We then started developing a computational model for learning continuous cellular states from a scRNA-seq dataset, with the ability to project it onto a spatial transcriptomic dataset (taking into account that each spot may have cells from heterogenous types). The model (named DestVI) builds upon our previous work on scRNA-seq data modeling, and previous deconvolution models (e.g., Stereoscope). Consequently, the model accounts for several types of technical noise, such as library size and overdispersion in the scRNA-seq data, library size and a missing cell type for the ST data, as well as capture efficiency differences between the two assays (refer to Figure 3). DestVI’s inference method scales to large datasets.

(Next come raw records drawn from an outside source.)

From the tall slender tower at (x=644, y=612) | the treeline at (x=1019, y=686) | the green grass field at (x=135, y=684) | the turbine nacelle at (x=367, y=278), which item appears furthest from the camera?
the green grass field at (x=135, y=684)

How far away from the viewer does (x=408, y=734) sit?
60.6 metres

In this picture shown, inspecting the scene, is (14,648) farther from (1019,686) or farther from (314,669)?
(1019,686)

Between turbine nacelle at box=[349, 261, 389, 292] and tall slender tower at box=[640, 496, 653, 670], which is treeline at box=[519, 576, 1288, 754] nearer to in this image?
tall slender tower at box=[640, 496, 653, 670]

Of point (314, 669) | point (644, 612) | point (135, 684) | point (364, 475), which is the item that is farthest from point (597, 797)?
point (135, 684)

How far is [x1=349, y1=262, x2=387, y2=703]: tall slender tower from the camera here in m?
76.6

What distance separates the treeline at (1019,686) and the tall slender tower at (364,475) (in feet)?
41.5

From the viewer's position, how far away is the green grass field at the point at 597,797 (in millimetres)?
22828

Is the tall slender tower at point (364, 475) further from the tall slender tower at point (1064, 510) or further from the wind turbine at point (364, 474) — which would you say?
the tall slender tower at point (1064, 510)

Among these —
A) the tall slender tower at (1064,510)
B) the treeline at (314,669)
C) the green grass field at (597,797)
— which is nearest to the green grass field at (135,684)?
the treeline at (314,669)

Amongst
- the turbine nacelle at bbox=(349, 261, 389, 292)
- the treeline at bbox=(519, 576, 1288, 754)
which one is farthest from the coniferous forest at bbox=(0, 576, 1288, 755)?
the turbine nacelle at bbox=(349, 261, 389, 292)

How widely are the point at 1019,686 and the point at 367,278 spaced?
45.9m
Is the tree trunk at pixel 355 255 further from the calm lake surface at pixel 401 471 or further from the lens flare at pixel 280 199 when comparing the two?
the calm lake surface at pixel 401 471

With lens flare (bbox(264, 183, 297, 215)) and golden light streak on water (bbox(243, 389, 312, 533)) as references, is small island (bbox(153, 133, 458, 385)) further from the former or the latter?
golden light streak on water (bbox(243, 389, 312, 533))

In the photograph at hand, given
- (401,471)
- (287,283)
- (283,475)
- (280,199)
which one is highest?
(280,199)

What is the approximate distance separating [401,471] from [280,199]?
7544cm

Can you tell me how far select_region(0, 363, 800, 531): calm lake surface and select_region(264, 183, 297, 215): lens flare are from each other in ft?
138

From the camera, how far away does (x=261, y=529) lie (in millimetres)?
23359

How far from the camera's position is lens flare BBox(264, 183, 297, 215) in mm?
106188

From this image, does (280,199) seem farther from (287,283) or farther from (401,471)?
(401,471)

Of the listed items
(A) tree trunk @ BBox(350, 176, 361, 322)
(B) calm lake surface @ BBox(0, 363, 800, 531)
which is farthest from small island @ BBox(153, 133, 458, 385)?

Additionally, we propose an automated pipeline that seeks, in every cell type, for spatially varying states and a cell-type specific differential expression framework. Both aspects of the pipeline were fundamental in analyzing the new datasets. DestVI is publicly available as part of the scvi-tools package.
Figure 3: The computational models used in this method. (B) Schematic of the scLVM. RNA counts and cell type information from the single cell RNA-sequencing data are jointly transformed by an encoder neural network into the parameters of the approximate posterior of γ, a low-dimensional representation of cell-type-specific cell state. Next, a decoder neural network maps samples from the approximate posterior of γ along with the cell type information c to the parameters of a count distribution for every gene. (C) Schematic of the stLVM. RNA counts from the ST data are transformed by an encoder neural network into the parameters of the cell-type-specific embeddings γ. Free parameters β encode the abundance of every cell type in every spot. The decoder from the scLVM model maps cell-type-specific embeddings γ to estimates of cell-type-specific gene expression. After training, the decoder may be used to perform cell-type-specific imputation of gene expression across all spots.

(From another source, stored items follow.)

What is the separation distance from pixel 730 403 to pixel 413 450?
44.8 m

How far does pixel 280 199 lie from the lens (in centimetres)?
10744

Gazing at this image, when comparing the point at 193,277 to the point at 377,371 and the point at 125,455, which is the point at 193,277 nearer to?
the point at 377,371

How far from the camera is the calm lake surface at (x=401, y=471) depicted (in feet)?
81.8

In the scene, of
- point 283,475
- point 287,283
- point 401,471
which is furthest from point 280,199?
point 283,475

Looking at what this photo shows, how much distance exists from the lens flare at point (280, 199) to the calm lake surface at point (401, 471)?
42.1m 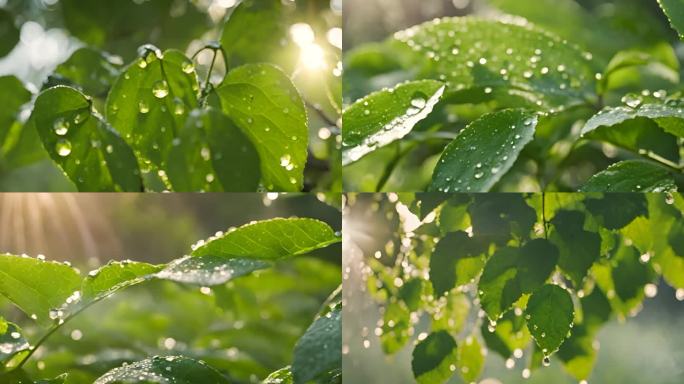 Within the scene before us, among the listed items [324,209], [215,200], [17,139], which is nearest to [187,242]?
[215,200]

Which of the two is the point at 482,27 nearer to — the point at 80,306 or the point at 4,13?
the point at 80,306

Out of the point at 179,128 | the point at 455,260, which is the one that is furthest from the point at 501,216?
the point at 179,128

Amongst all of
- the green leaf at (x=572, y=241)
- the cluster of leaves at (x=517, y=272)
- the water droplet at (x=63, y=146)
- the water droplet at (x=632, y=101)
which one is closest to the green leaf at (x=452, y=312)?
the cluster of leaves at (x=517, y=272)

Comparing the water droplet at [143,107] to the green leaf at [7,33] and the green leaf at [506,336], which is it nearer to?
the green leaf at [506,336]

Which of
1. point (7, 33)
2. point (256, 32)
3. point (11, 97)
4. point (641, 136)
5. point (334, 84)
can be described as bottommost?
point (641, 136)

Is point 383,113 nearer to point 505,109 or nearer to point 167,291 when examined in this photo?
point 505,109

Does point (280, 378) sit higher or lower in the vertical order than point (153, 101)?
lower

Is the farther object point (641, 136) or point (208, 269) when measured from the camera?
point (641, 136)

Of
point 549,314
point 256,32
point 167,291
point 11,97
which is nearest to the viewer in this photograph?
point 549,314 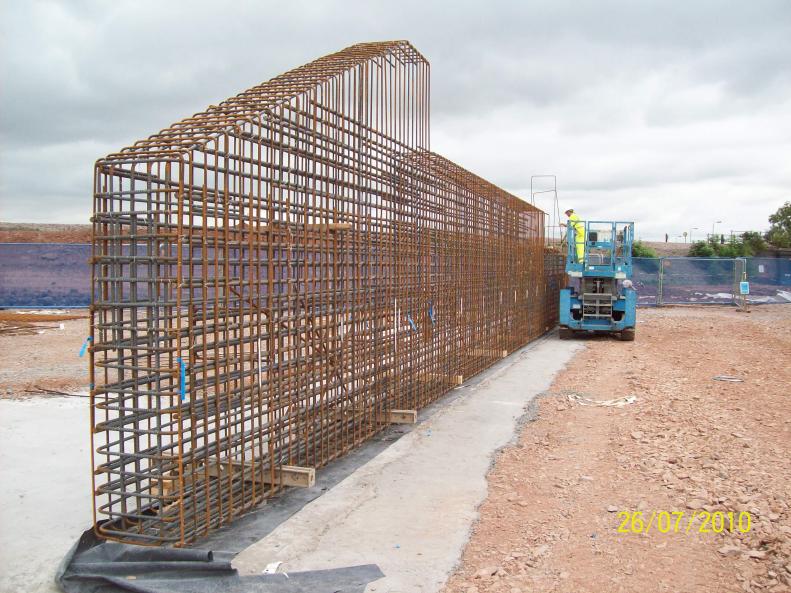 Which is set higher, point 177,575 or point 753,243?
point 753,243

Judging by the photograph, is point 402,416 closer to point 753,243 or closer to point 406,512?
point 406,512

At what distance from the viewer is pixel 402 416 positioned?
25.3 feet

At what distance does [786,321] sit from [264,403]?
73.5 feet

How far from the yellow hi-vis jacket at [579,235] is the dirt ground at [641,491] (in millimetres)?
6867

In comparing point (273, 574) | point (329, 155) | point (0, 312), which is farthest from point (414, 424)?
point (0, 312)

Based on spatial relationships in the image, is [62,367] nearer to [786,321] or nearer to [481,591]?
[481,591]

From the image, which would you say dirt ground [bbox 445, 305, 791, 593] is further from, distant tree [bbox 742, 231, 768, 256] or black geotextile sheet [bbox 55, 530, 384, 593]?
distant tree [bbox 742, 231, 768, 256]

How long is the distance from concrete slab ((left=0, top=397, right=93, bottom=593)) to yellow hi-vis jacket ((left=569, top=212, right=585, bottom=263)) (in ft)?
42.1

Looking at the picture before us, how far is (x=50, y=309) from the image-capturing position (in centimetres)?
2281

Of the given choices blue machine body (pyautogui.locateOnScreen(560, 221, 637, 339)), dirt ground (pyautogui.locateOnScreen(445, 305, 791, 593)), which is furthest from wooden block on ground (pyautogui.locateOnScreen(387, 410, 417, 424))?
blue machine body (pyautogui.locateOnScreen(560, 221, 637, 339))

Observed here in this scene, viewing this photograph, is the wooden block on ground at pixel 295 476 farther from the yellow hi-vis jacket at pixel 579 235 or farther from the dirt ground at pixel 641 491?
the yellow hi-vis jacket at pixel 579 235

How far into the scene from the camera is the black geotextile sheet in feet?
12.4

Applying DestVI to the new datasets, we were able to localize previously characterized cell states. In contrast with previous methods, we successfully localized the interferon signal of the monocytes to the interfollicular area of the murine lymph nodes, exclusively following exposure to the mycobacteria. On the tumor sample, we spatially mapped a hypoxic phenotype of tumor-associated macrophages to a specific niche of the tumor, that corresponds to the pre-necrotic area. All of those findings were supported by immunofluorescence staining.

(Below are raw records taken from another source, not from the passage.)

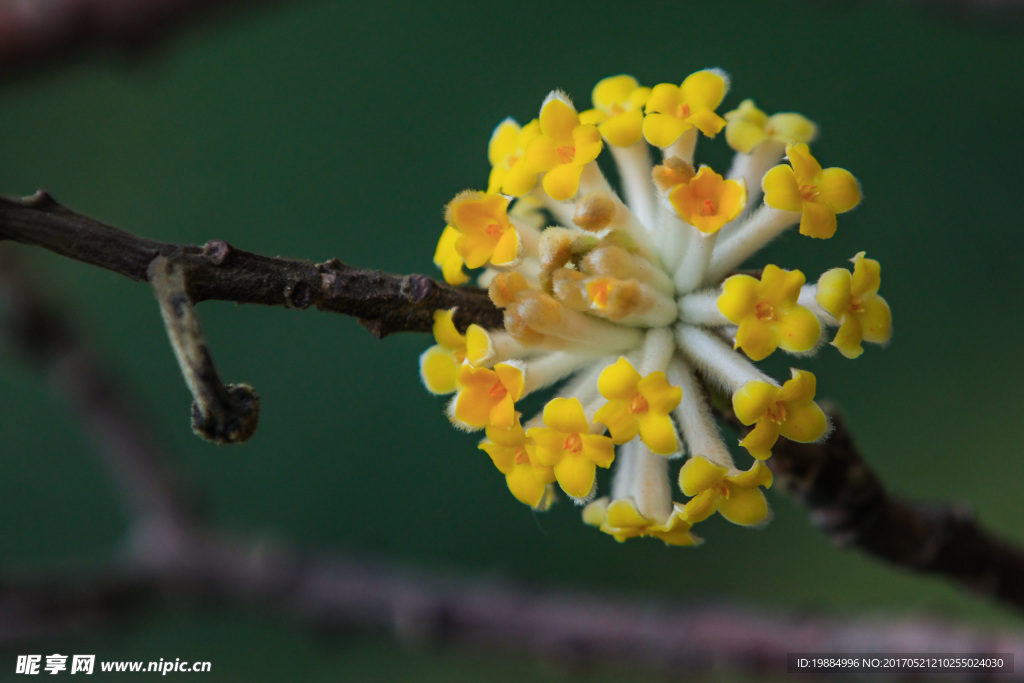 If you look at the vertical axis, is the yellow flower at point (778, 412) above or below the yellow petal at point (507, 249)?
below

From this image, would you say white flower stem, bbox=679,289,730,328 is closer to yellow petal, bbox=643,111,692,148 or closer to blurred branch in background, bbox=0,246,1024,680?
yellow petal, bbox=643,111,692,148

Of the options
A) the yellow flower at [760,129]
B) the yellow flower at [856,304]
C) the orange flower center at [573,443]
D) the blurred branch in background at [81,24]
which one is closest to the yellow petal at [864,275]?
the yellow flower at [856,304]

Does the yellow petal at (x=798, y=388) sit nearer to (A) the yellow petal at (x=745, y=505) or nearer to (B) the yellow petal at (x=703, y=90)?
(A) the yellow petal at (x=745, y=505)

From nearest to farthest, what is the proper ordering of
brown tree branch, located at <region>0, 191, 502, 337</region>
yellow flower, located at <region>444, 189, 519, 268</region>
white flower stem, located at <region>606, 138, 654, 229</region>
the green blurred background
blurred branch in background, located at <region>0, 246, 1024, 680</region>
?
brown tree branch, located at <region>0, 191, 502, 337</region> → yellow flower, located at <region>444, 189, 519, 268</region> → white flower stem, located at <region>606, 138, 654, 229</region> → blurred branch in background, located at <region>0, 246, 1024, 680</region> → the green blurred background

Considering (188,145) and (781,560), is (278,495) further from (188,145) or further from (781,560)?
(781,560)

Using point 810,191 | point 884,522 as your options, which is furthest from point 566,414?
point 884,522

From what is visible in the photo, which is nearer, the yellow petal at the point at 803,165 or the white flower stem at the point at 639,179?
the yellow petal at the point at 803,165

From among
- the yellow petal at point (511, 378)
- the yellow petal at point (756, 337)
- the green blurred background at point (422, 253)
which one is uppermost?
the green blurred background at point (422, 253)

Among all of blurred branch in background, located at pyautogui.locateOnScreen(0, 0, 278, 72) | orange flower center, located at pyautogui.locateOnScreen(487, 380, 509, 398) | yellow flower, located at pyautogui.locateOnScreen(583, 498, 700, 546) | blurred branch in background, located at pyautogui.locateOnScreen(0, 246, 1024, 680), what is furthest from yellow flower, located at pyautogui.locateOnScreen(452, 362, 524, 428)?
blurred branch in background, located at pyautogui.locateOnScreen(0, 0, 278, 72) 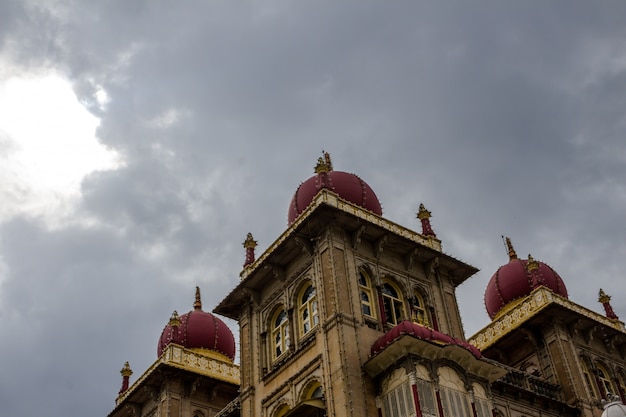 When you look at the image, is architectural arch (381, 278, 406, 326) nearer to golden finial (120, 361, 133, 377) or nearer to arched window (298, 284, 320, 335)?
arched window (298, 284, 320, 335)

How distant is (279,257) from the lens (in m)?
34.8

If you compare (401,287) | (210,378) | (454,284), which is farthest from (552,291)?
(210,378)

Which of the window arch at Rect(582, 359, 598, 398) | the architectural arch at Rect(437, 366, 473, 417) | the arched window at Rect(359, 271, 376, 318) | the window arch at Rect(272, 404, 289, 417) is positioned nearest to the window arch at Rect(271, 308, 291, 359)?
the window arch at Rect(272, 404, 289, 417)

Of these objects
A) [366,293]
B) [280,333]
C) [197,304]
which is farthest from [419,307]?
[197,304]

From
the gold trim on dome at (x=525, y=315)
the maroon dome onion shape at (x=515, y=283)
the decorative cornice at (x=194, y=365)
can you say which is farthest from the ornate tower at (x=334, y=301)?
the maroon dome onion shape at (x=515, y=283)

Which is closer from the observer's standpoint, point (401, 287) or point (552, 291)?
point (401, 287)

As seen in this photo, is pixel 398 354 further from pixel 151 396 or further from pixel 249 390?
pixel 151 396

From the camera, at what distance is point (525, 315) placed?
41375 mm

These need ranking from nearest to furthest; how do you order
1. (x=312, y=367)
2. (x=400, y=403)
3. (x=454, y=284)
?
(x=400, y=403) → (x=312, y=367) → (x=454, y=284)

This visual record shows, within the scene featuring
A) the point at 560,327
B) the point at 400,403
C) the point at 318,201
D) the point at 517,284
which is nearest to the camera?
the point at 400,403

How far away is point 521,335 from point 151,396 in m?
20.0

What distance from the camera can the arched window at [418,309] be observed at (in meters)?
33.7

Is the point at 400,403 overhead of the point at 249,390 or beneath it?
beneath

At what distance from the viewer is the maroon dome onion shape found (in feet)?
145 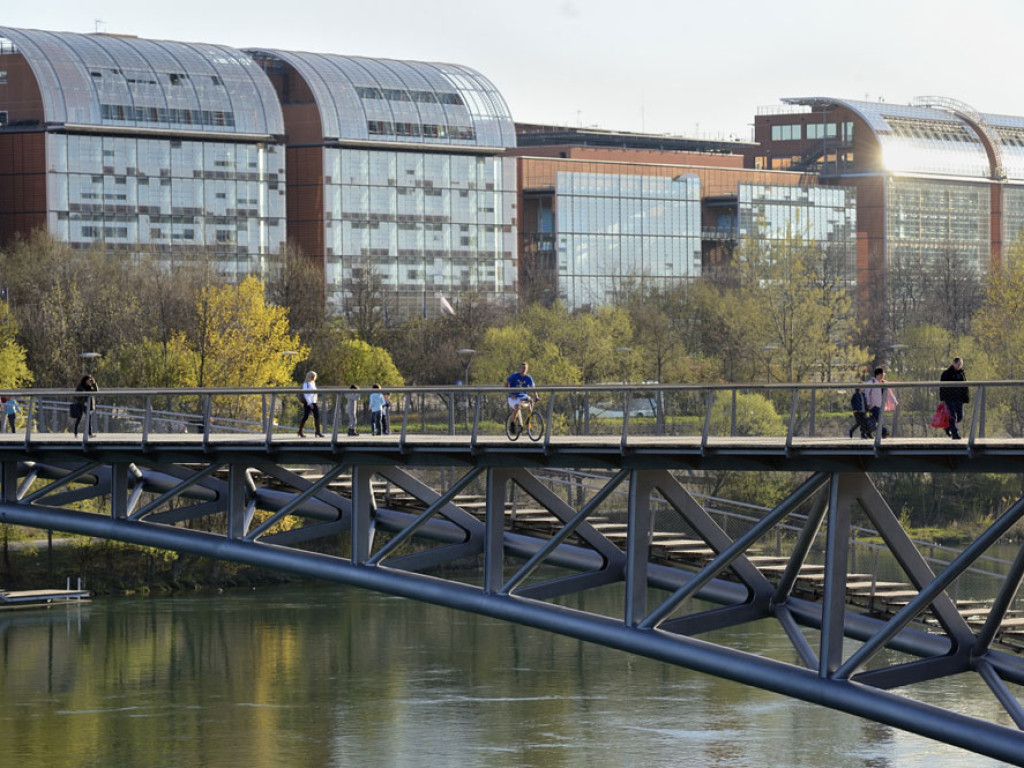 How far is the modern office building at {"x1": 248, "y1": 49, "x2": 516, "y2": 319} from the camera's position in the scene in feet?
439

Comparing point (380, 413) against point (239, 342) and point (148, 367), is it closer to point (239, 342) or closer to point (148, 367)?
point (148, 367)

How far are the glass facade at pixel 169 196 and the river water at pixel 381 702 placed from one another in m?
60.4

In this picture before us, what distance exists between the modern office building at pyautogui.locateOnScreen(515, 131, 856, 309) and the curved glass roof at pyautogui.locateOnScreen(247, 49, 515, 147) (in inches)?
451

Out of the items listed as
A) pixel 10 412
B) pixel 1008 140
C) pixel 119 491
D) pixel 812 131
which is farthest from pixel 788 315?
pixel 1008 140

The applications of DestVI described in the manuscript focus on the 10x Visium protocol. This commercial assay currently has a low spatial resolution, compared to emerging technologies such as Slide-Seq v2, HDST. Notably, some recent protocols (e.g., Seq-Scope) may even resolve spatial gene expression at the subcellular level. Even in this setting, we anticipate that analysis of data generated from most of those high-resolution methods will still require algorithmic developments such as DestVI, because one cannot always guarantee perfect spatial delineation of single cells (segmentation, registration). We are all extremely excited about technological developments in the spatial transcriptomics field, the release of large spatial data sets (such as the Human Heart Cell Atlas), as well as the scientific discoveries to come.